Re: [css3-break] fragment selectors

> On Apr 20, 2016, at 12:13, Lea Verou <lea@verou.me> wrote:
> 
> 
>> On 19Apr, 2016, at 21:35, Florian Rivoal <florian@rivoal.net> wrote:
>> 
>> 
>> On Apr 20, 2016, at 04:07, Lea Verou <lea@verou.me> wrote:
>>>> This is inherent to the way pseudo classes work, so we cannot have a pseudo class which matches or not depending on the result of layout.
>>> 
>>> Yes we can, and we do: ::first-line.
>>> I can almost imagine the CSS WG discussion about cycles if ::first-line was proposed now, yet it's implemented everywhere and works just fine.
>> 
>> First, as Tab pointed out, while we have ::first-line, it is a mess of difficult interop issues that we have yet to sort out. I am confident we eventually will, but we're not there yet and it is far from an easy one.
> 
> Interop issues on edge cases most authors do not run into. If you ask the average CSS author what they think of ::first-line, I guarantee you, interop issues will not be on their list of things to say. I'm not trying to trivialize interop, but let's not lose sight of the bigger picture.

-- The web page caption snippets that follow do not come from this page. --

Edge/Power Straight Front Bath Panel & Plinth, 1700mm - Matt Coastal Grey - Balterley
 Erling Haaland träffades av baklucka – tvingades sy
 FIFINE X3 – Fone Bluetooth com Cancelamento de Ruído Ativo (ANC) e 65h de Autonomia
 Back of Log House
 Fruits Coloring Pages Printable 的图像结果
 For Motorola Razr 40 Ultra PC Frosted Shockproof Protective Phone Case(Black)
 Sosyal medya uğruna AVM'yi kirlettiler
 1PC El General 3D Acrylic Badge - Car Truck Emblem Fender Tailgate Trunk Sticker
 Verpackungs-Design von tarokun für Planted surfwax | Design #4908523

Interop issues with first line are not hit all that often because first line isn't used all that often. This is a problem I want to solve, but it's going to take a while to sort out in the more general case than ::first-line.

But even when we do, I don't see how it lets us solve this use case.

>> Can we solve the use case with ::nth-fragment then? Actually I don't think so, because to do so, we'd need to select the first and the last fragments, to style the first top border and the last bottom border differently from the other borders. Selecting the first fragment is doable, but selecting the last one isn't, for a variant of the same reason as above: the properties applied by a ::last-fragment (or ::nth-last-fragment) cannot change whether there is a last fragment, but they can change which fragment is the last, which is just as bad. Just try to think of what font-size:50em or border-top-width:80vh or width:5px etc would mean if applied through such a pseudo element. You've just hit an infinite loop again.
> 
> I assumed we'd get the entire suite of nth stuff, including ::nth-last-fragment.
> 
> And like I suggested, styling on ::nth-*-fragment() would not affect fragmentation, which alleviates all of these concerns.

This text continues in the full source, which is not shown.